Records for this exercise ->

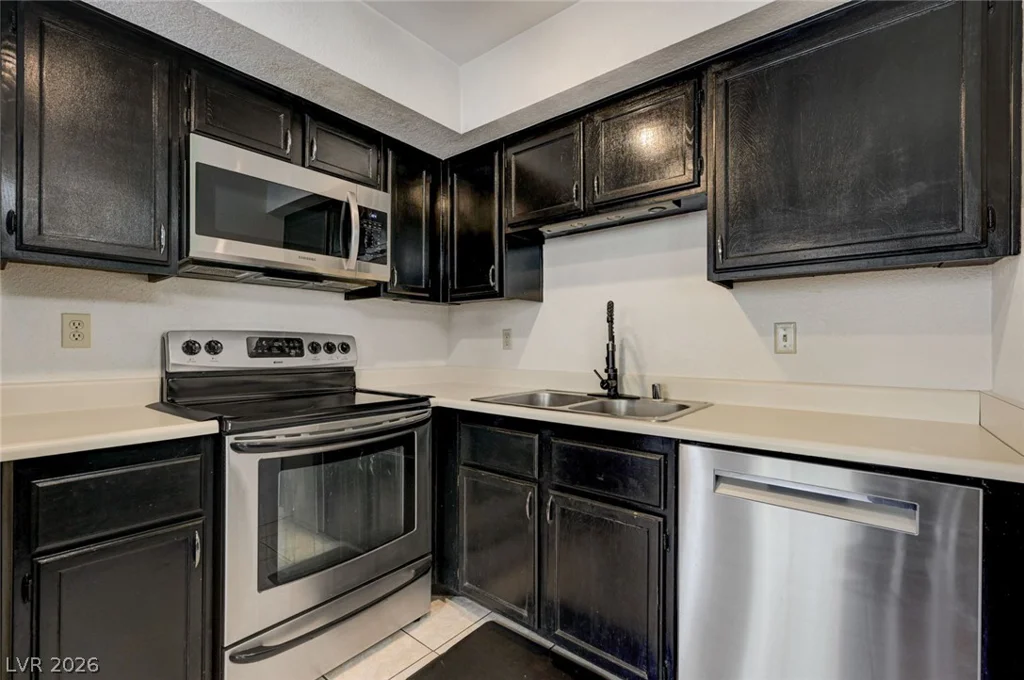1101 Falconhead, Las Vegas, NV 89128
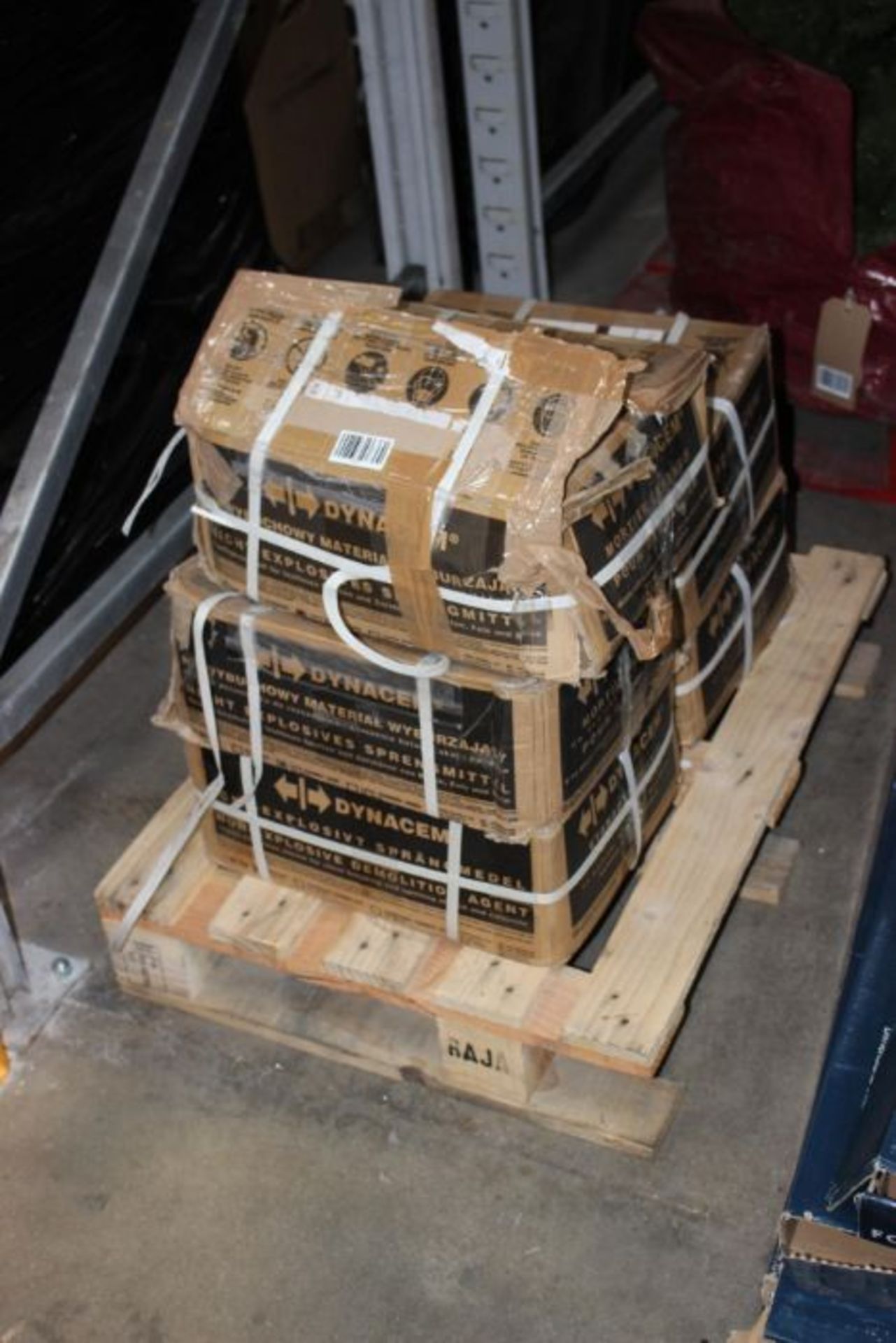 One hundred kilograms of Dynacem Non-Explosive Demolition Agent (Over 18s Only)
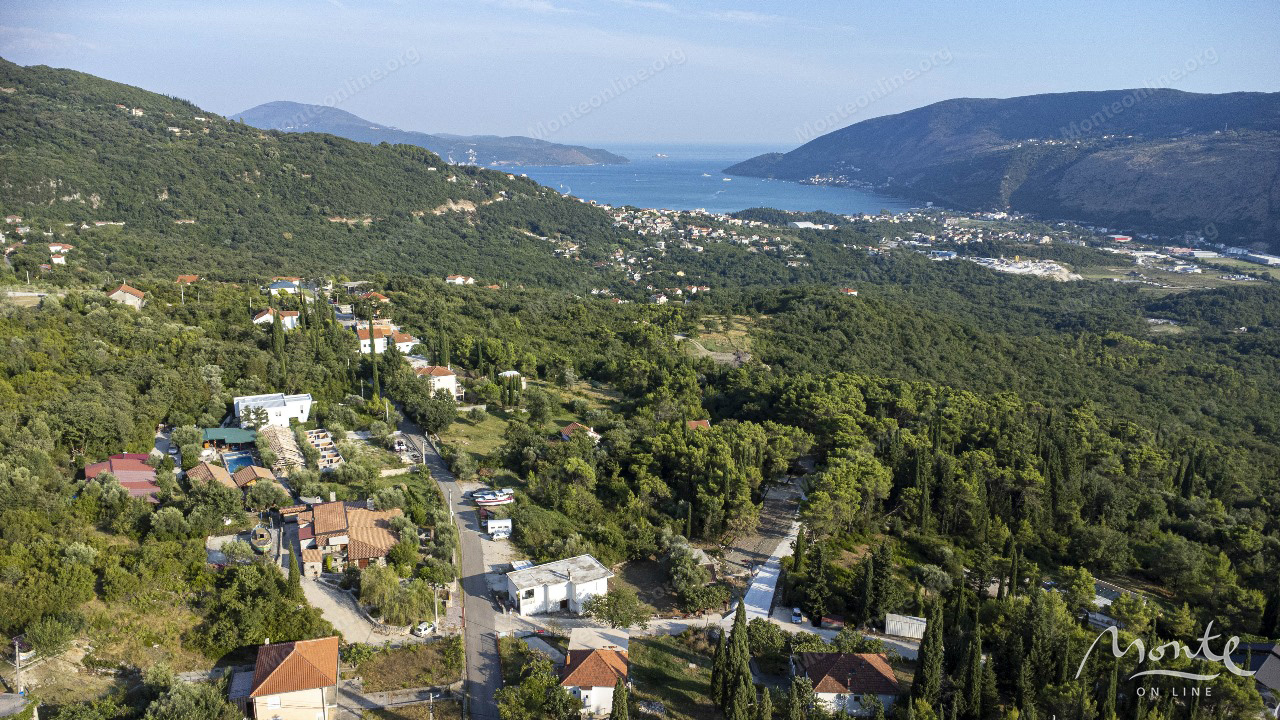 Земля в Херцег-Нови, Черногория, 1 830 м² - фото 1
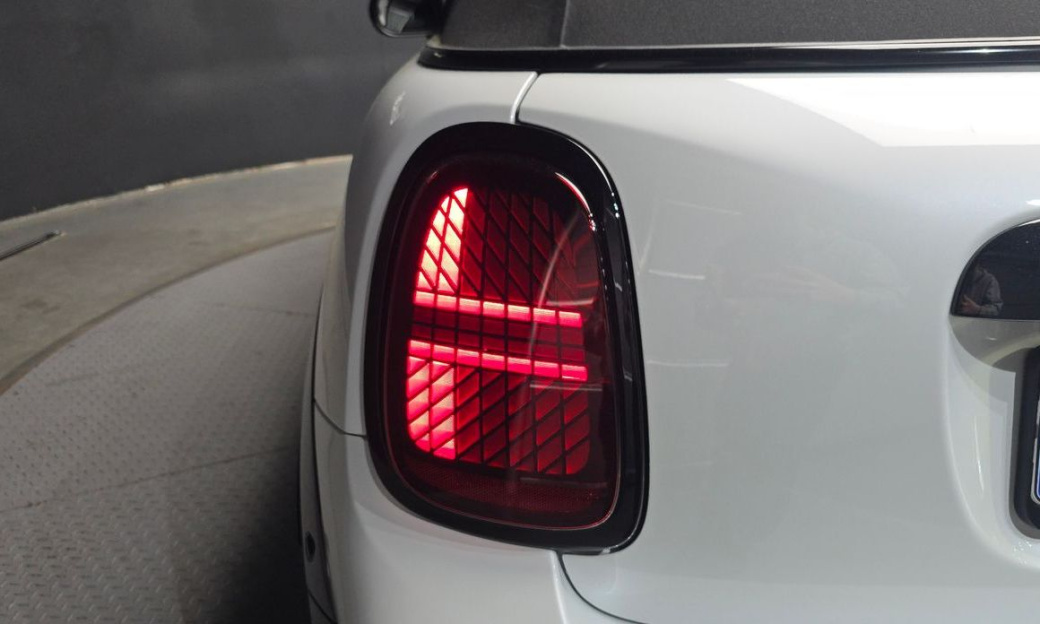 Mini Cooper Convertible JCW, 2026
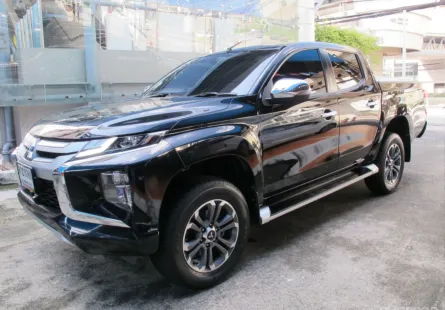 2020 Mitsubishi TRITON 2.4 Double Cab Plus GT Premium รถกระบะ 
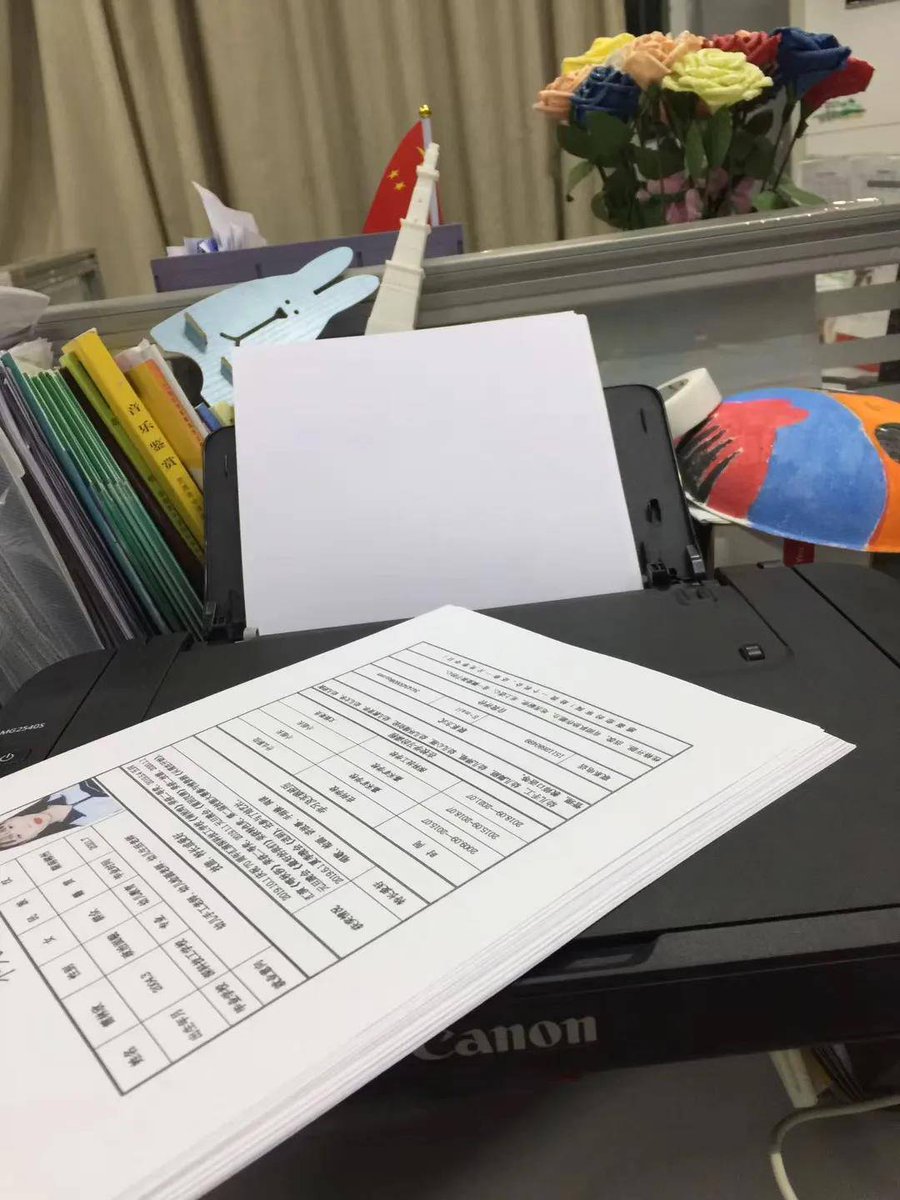 Victoria DeSanctis tweet media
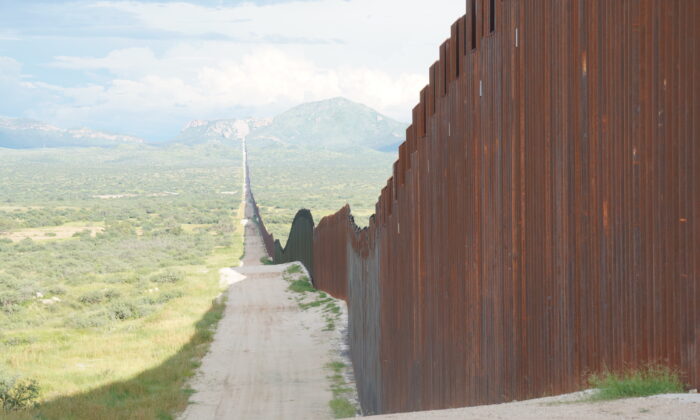 El Roosevelt Easement es un tramo de tierra federal de 60 pies de ancho que abarca tres estados fronterizos de EE. UU., incluido Arizona. Aquí, la servidumbre de tránsito corre paralela al muro fronterizo en Douglas, Arizona, el 24 de agosto de 2022. (Allan Stein/The Epoch Times)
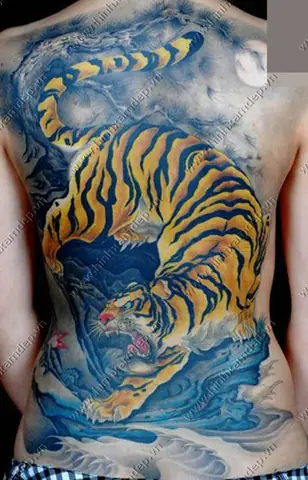 Hình Ảnh Cho Hình Xăm Hổ Xuống Núi Nửa Lưng:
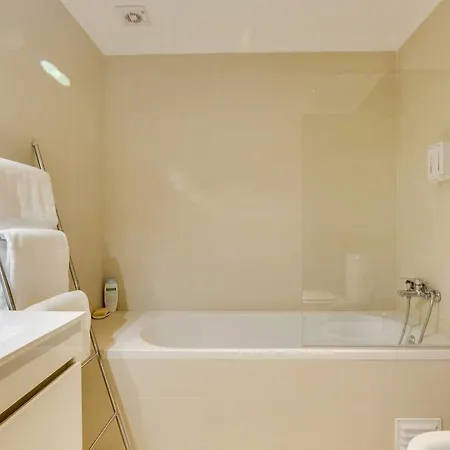 Charming 3 Bedroom At Penha Franca Apartment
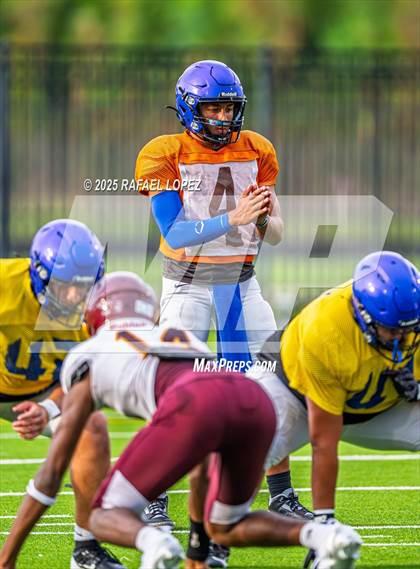 Thumbnail 2 in Beaumont United vs. Channelview (Scrimmage) photogallery.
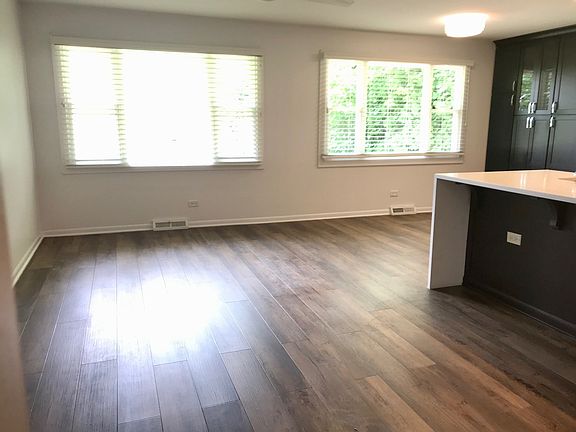 3rd image of 16424 Kimbark Ave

Directions -> Output exactly, and only, the lines of the entries above from the one with "Земля в Херцег-Нови, Черногория, 1" up to and including the one with "Victoria DeSanctis tweet media"; pictures are to be left out.

Exercise response ->
 Земля в Херцег-Нови, Черногория, 1 830 м² - фото 1
 Mini Cooper Convertible JCW, 2026
 2020 Mitsubishi TRITON 2.4 Double Cab Plus GT Premium รถกระบะ 
 Victoria DeSanctis tweet media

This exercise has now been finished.